Educación en la cárcel

Recientemente el Congreso aprobó una norma (ley 26.695) que no recibió demasiada atención por parte de los medios de comunicación de circulación nacional, sumergidos en la campaña electoral. Se trata de una modificación de la ley 24.660 de Régimen de Ejecución de la Pena Privativa de la libertad con el fin de garantizar y asegurar el acceso a la educación de los internos del sistema penitenciario.

La iniciativa ?de autoría de los diputados Adriana Puiggrós y Ricardo Gil Lavedra, entre otros- no es caprichosa, sino que responde a datos duros de la realidad sobre el bajo nivel educativo de la mayoría de la población carcelaria de nuestro país. En la Argentina, según un informe del Sistema Nacional de Estadísticas sobre Ejecución de la Pena de 2007, de las personas privadas de la libertad, muy pocas tienen sus estudios completos. Sobre un total de 50.980 internos sólo 2.594 habían completado su educación secundaria. Alrededor de 23.599 internos había completado únicamente su educación primaria, mientras que los internos con estudios primarios incompletos ascendían a 11.410, y 2.910 no habían recibido ningún tipo de instrucción. Asimismo, el informe señaló que 24.525 internos no tenían oficio ni profesión y que 36.801 internos no participaban de ningún programa de capacitación laboral.

Estudios privados recientes advierten que ?sobre una población de 60 mil presos, sólo el 0,5% tiene completos sus estudios secundarios?.

No sólo es una radiografía del escaso nivel educativo formal y técnico-profesional de las cárceles del país, sino que además es la prueba cabal de que el sistema penitenciario está muy lejos de cumplir su objetivo de promover la reinserción social de los convictos una vez que purgan sus condenas.

La norma reconoce el derecho de todos aquellos que se encuentren privados de su libertad a la educación pública. En ese sentido, obliga al Estado nacional, las provincias y la Ciudad Autónoma de Buenos Aires a proveer una educación integral, permanente y de calidad para todos aquellos que cumplan condena en algún centro penitenciario federal de manera igualitaria y gratuita. Dispone, asimismo que los internos deberán completar la escolaridad obligatoria.

Además, crea un régimen de estímulo para los internos, permitiendo reducir, hasta un máximo acumulado de 20 meses, la permanencia en las instituciones carcelarias a aquellas personas que completen y aprueben total o parcialmente sus estudios primarios, secundarios o superiores durante el tiempo que permanezcan detenidos.

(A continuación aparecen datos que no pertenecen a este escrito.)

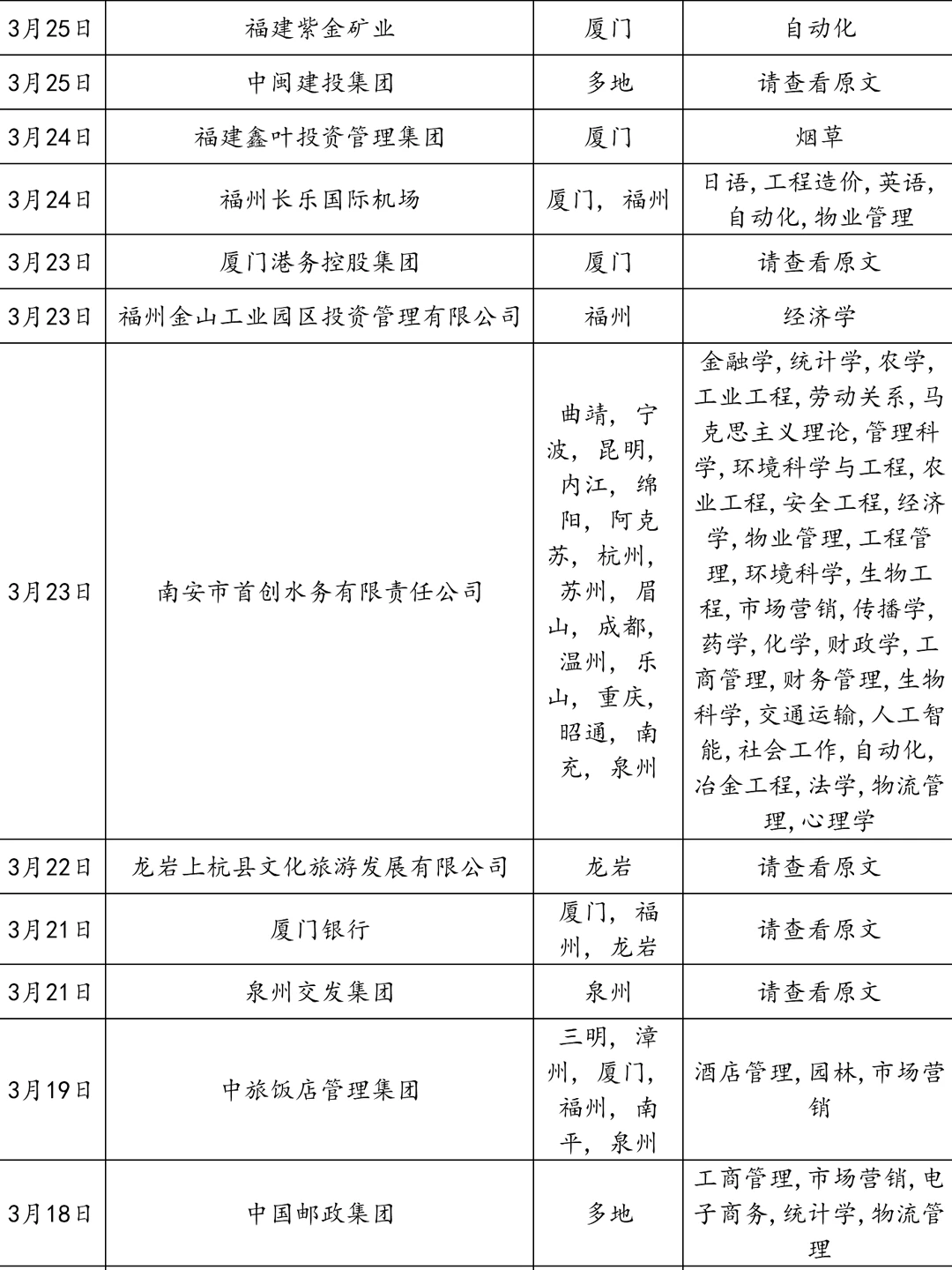 3.25福建国企这么缺人的吼？！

La reducción de la permanencia en prisión se calculará según la siguiente escala: un mes por ciclo lectivo anual; dos meses por curso de formación profesional o equivalente; dos meses por estudios primarios; tres meses por estudios secundarios; tres meses por estudios de nivel terciario; cuatro meses por estudios de nivel universitario; dos meses por cursos de posgrado.

Esta norma tiene como antecedente inmediato la experiencia llevada adelante en la Unidad 2 de Villa Devoto, que funciona hace ya veintiún años, con resultados contundentes: la tasa de reincidencia de los internos que asistieron a cursos universitarios no supera el 3 %, cuando la medida de las cárceles federales argentinas supera ampliamente el 40 % entre reincidentes y reiterantes, según cifras del Ministerio de Justicia y Derechos Humanos.

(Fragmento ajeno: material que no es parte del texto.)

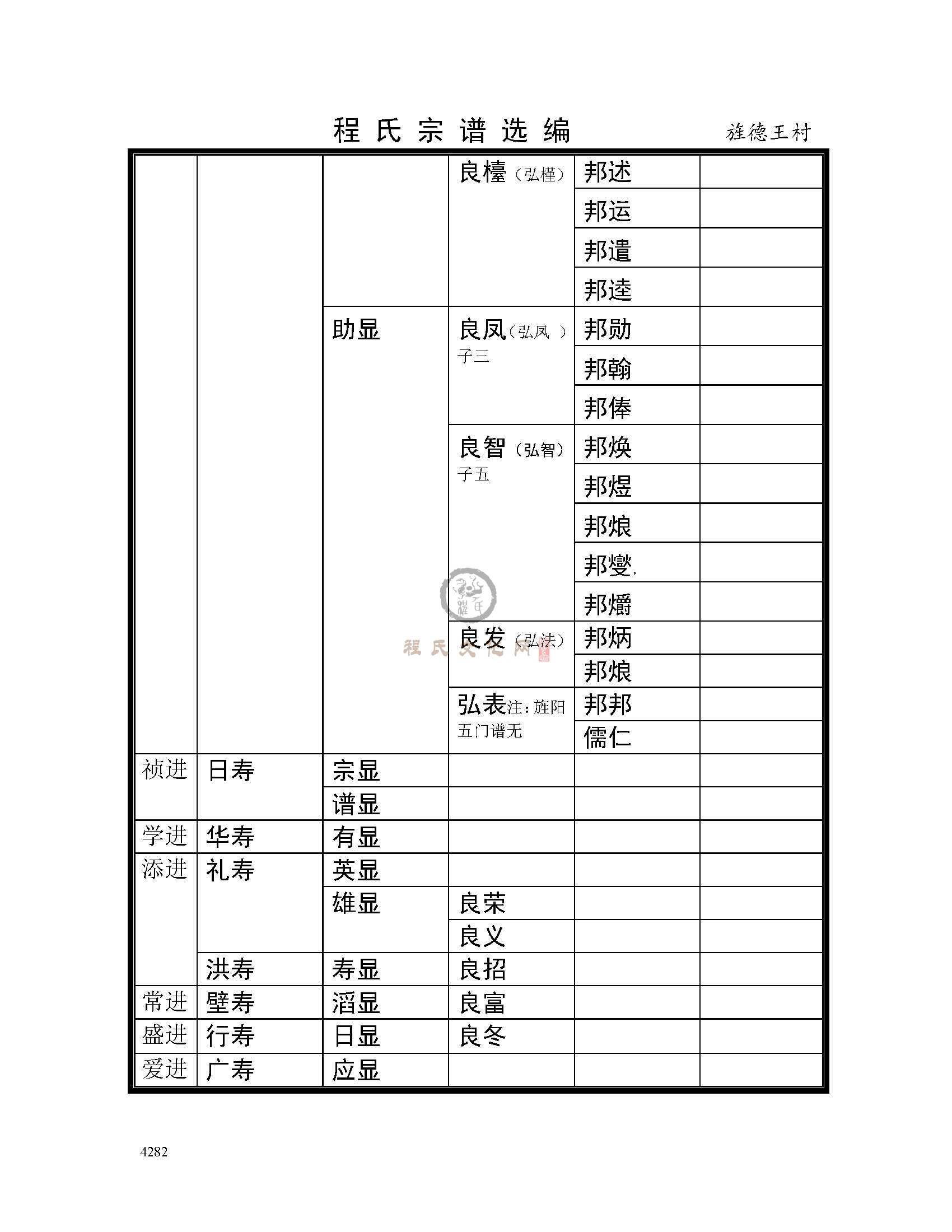 旌德王村支系 (4).jpg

No cabe dudas que estimular la educación es habilitar más y mejores oportunidades para aquellos que, por distintas circunstancias, se vieron privadas de su libertad. No se trata sólo de garantizar el acceso efectivo de todos los ciudadanos a un derecho como el de la educación, sino que además, resulta una política indirecta de seguridad, desarrollo y justicia para la Nación.

Diversos estudios sostienen que los egresados de institutos penales tienen un nivel de reincidencia muy bajo en los casos en los que han logrado completar algún ciclo educativo en el tiempo en que estuvieron privados de la libertad. Ello viene a demostrar lo que desde distintos ámbitos venimos señalando: con el derecho penal por sí sólo no alcanza para reducir los índices alarmantes de inseguridad y criminalidad. Se requiere de políticas de Estado integrales, con continuidad en el tiempo, que tienen mucho más que ver con la educación, la inclusión, la equidad y la igualdad de oportunidades.